We had three options at that point. We could scramble to find a new space to lease and reestablish Artistic Abandon, and pass up the other business opportunity that has so excited me; we could close Artistic Abandon and focus on the new business; or we could go mobile and do offsite-only parties, which would allow me to still pursue the new business. We chose door number 3.

So we closed down the brick and mortar location, found storage space for our supplies so that we can keep doing parties in our customers’ homes, offices, churches, bars, clubhouses, etc, and are in the process of opening a new business. My husband and I talked a lot about whether we should continue offering consulting services for people who wanted to start their own paint and sip studios but not pay insane franchise fees. It is a good deal of work, but the more I thought about it, the more I knew I’d miss it. I want to fill my days doing things that I find meaningful, and it doesn’t get much more meaningful than helping people change their lives. So, I’ve stepped back from teaching as much and have less day-to-day work running Artistic Abandon, and I am diving head first into a new business, but I’m going to continue offering consulting services even once the studios I’m currently helping are self-sufficient. I’m just not quite ready to give up something so rewarding.

So cross your fingers for me that the new business turns out to be as exciting and challenging as I’m hoping, and celebrate with me that I’ve recognized what’s important to me and am finding ways to make it all work!
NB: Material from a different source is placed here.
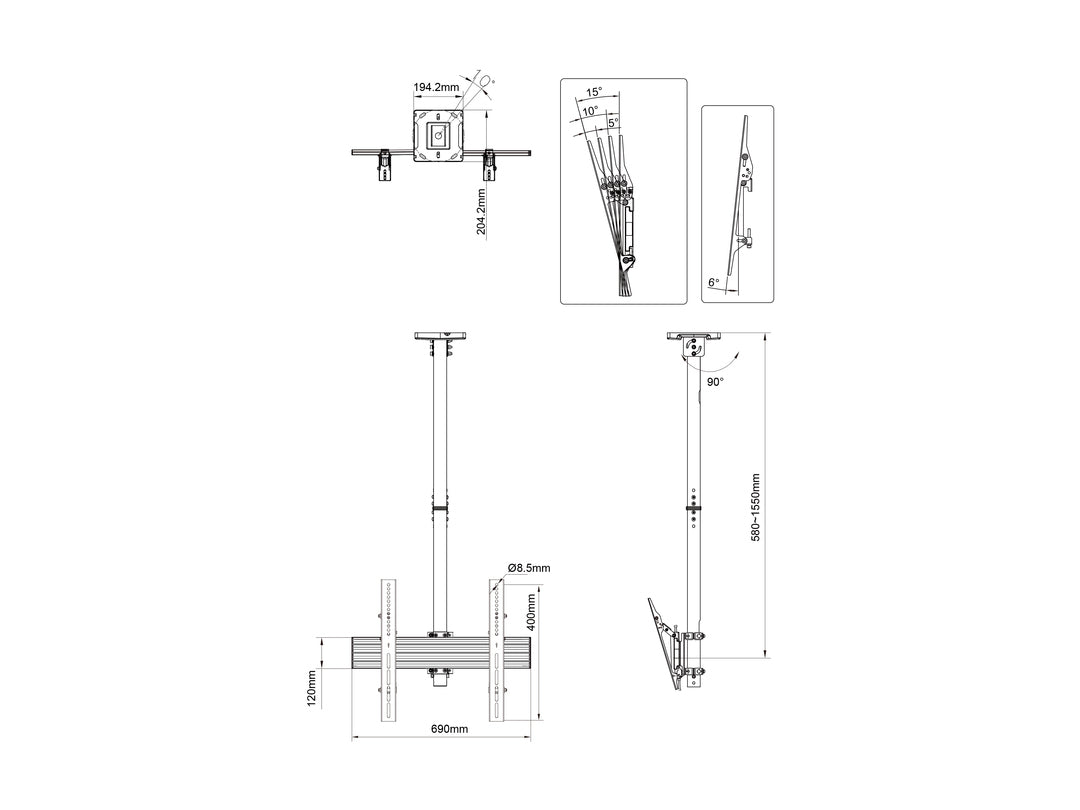 Multibrackets M Ceiling Mount Pro MBC1U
Tradition at Stonewater 8-17-17

Smart Meetings

Artistic Abandon has been featured again! The magazine, Smart Meetings, even included a picture of Emily teaching. One of the fun things you can do as a paint and sip studio is team building events. There are so many options for customizing it for each company that comes in for a painting class! We’ve done everything from small doctors’ offices to huge tech companies and everything in between. It’s a great way for coworkers to get together and use a part of their brains that doesn’t always get tapped, and it’s a fairly level playing field: generally, the boss has no more painting experience than the entry-level employee, so it puts everyone on an equal footing as they get to know each other a little bit better.

We’ve Been Featured!

Hi everyone, sorry for the long gap in posts, but I’ve been hard at work on a variety of projects. I thought I’d pop over to share some fun news with you: Artistic Abandon has been featured in the February/March 2017 issue of Professional Artist magazine! Here’s an excerpt of what they had to say:

“Emily Page taught for Painting with a Twist, and when she decided to open her own paint-and-sip studio, she wasn’t happy with the franchise deal the corporation offered her. She had created many example paintings for the company, so she thought she’d just make more. And, she could contract someone to build a computer system for her for a lower price than the franchise would offer for their systems, she said. And in her heart, it just didn’t feel right to franchise.

‘It didn’t really seem to me like a very good deal,’ she said. ‘I watched franchise owners get frustrated at wanting to try something different and being told by corporate that that’s not the business model.’

She opened Artistic Abandon ( in Raleigh, N.C., five and a half years ago. There are a couple things that set her studio apart from the franchised ones: The painting library is ‘less cartoony, more like real paintings,’ and the teaching style is more comprehensive. ‘I figured out how to break it down in a much more step-by-step method,’ she said.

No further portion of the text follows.